Wednesday, December 15, 2010

Food in Grand Rapids

Culture is such a defining feature in the lives of everyone regardless of whether we know or care.  With shifting cultures of new generations, people seem to be yet again redefining where they stand in relation to their food.  I have taken a strange path over the past few years going from eating triple cheese burgers and large pizzas as my diet to now being vegan and searching out every edible locally sourced food procurable.  

What is our story? How did we get so detached from our food? Why do we need a local food movement? Why are local residents fighting for their rights to own chickens? Most importantly though is what are we eating?

What is our story? A short answer is that most of us are products of our culture and our apathetic nature as animals, only ever wanting to take the easiest path.  A longer answer though is a look into the American spirit.  The saying 'you are what you eat' could not be more fitting.  The local food movements are getting away from the mechanization of our diets and factory system of devalued people and product, and is stretching it self to the other end of the scale to the hard meaningful labor we all know to be who we are and what we stand for.  We are not just a price tag or a source of income for some multinational corporation. We live locally, we eat at local restaurants, we even have the majority of our friends locally. The mass production of food, paid for by subsidies, distributed, devalued and dangerously easy to ignore are the subconscious projections of our own inability to tell people what we really want vs. what we need.  There is a separation of our inherent morals and our manufactured desires created by ad agencies.

How did we get so detached from our food? Realistically, no one wants to be told what to do.  This was set forth by the founding fathers of the United States.  It doesn't matter your political persuasion, everyone likes the option of choice over the lack thereof.  Why is it so often that we let fast-food joints tell us what we want to eat? And why would we not question what it is that we truly need vs want? It was only a generation ago, my fathers generation that had pigs behind their barn and house as well as chickens, rows of fruits and vegetables, and more often than not a plethora of canned foods to last multiple families through the winters.  Today, I often peer into the refrigerators of the world and see only the disposable temporary unrealistic notions of what food is thought to be.  Steak does not look like a cow.  Green peas do not grow in a can.  Corn syrup is man made.  We became detached from our food by just a few lies and it happens to be unrealistic that we subject ourselves to it all.  It is easier to be ignorant than it is to engage ourselves. 

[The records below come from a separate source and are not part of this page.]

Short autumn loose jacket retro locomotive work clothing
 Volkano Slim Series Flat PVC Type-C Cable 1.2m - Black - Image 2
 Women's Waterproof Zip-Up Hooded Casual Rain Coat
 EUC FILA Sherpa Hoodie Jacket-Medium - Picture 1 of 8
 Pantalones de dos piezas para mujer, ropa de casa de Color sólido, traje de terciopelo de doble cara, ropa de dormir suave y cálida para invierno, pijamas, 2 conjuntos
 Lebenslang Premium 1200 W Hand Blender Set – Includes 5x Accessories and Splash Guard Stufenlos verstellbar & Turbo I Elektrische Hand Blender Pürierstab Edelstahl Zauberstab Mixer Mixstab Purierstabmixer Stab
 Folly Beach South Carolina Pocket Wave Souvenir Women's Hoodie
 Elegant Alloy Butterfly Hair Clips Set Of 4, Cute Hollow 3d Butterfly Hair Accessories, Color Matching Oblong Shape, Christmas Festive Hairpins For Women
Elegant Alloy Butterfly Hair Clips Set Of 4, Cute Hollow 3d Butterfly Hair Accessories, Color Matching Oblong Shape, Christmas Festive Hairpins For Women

Local food means local, not a factory farm.  We are talking about raising chickens for eggs and ultimately maybe some soup and dinner at the end of a very fruitful life, right? Why is it that city councils can tell you that you have to be unconnected from your food? This is the first time in all history that we are not allowed to know where our food comes from.  So if we are not allowed to know where our food comes from, how can we expect to know what our food truly is? Does anyone truly know what they eat anymore? I am positive that the average consumer could not imagine what is put into their food and by default into their bodies.